それで、先ほど大臣からもお話ございましたように、一都三県、これで考えますと、生産額増加というものは年間一・二兆円、それから、雇用増というのは年間約十一万人ということになりまして、このうち、神奈川県につきましては、生産額増加は年間約一千億円、雇用増は年間約三万人というふうな大きな経済波及効果をもたらすものと試算をしてございます。
○古屋(範)分科員 神奈川県は大変観光の名所が多いわけですけれども、都心から近過ぎてなかなか宿泊客が少ないというような声もございまして、この国際化により、アジアの近隣諸国からたくさんの観光客が神奈川にいらしてくださればというふうに期待をしているわけでございます。
次に、神奈川県等から提案されております神奈川口構想、この具体的な内容についてお尋ねをいたします。
○石川政府参考人 神奈川県の方から御提案いただいています神奈川口構想でございますが、これは、神奈川県の羽田空港に隣接する地域を神奈川口ととらえまして、これを核とするまちづくりあるいは空港アクセスの改善等を内容とするものでございまして、中身といたしましては、一つは、まず、神奈川口における空港機能の分担というのがございます。
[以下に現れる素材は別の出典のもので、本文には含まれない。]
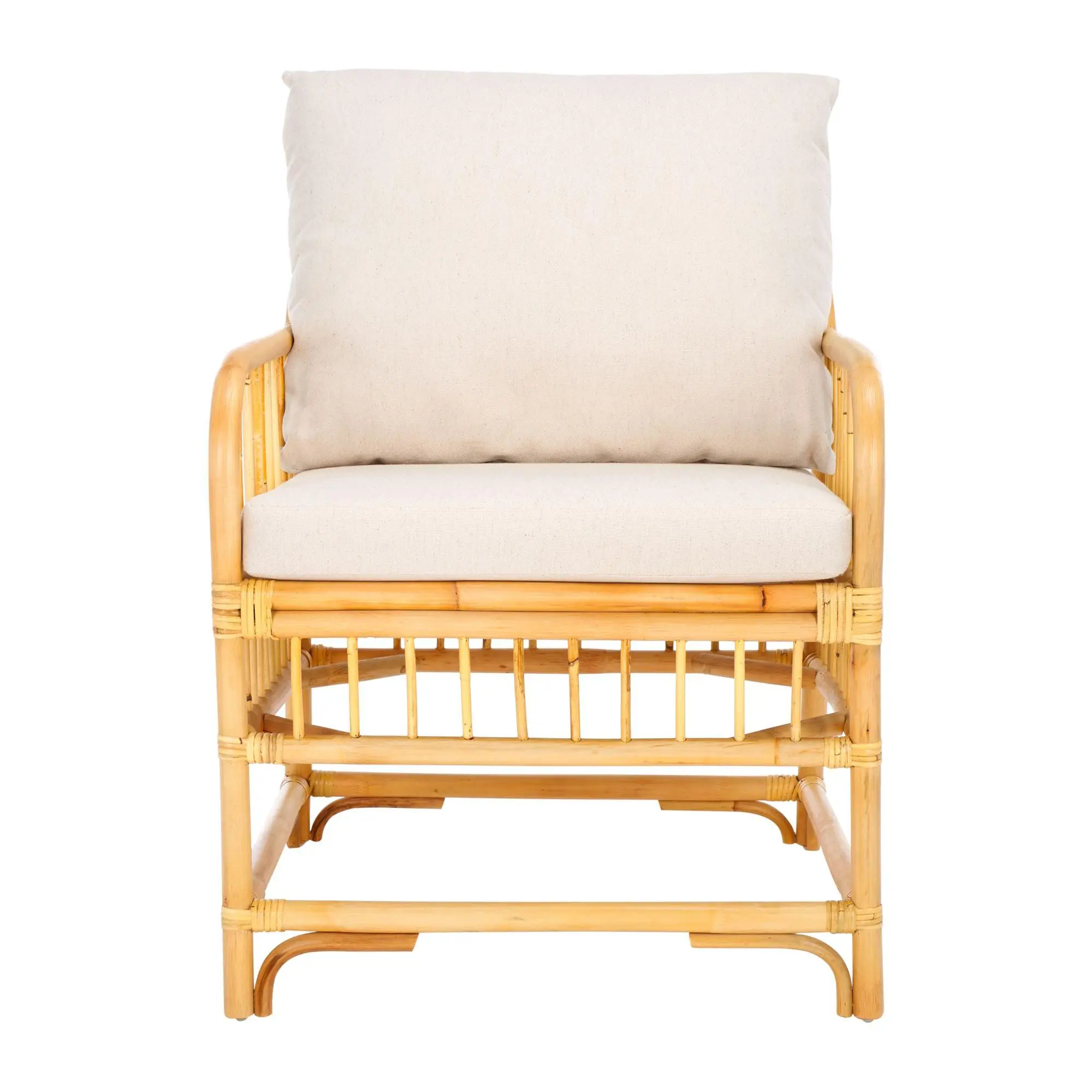 Safavieh Reiley Accent Chair W/ Cushion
神奈川口を核として、ホテル・コンベンション施設、保税上屋、ケータリング工場などの臨空産業の立地促進というものが一つ、今申し上げました神奈川口における空港機能の分担という形で提案をされております。
さらに、神奈川方面からの空港アクセスの改善ということで、連絡道路や鉄道の整備、あるいは首都高速の湾岸線の通行料金の割引、バスアクセスの改善などというふうな空港アクセスの改善というものも御提案をされております。
さらに、都市再生、まちづくりの支援、観光振興のための集客プロモーションの推進、さらには、港湾機能の強化等につきましても御提案を受けているところでございます。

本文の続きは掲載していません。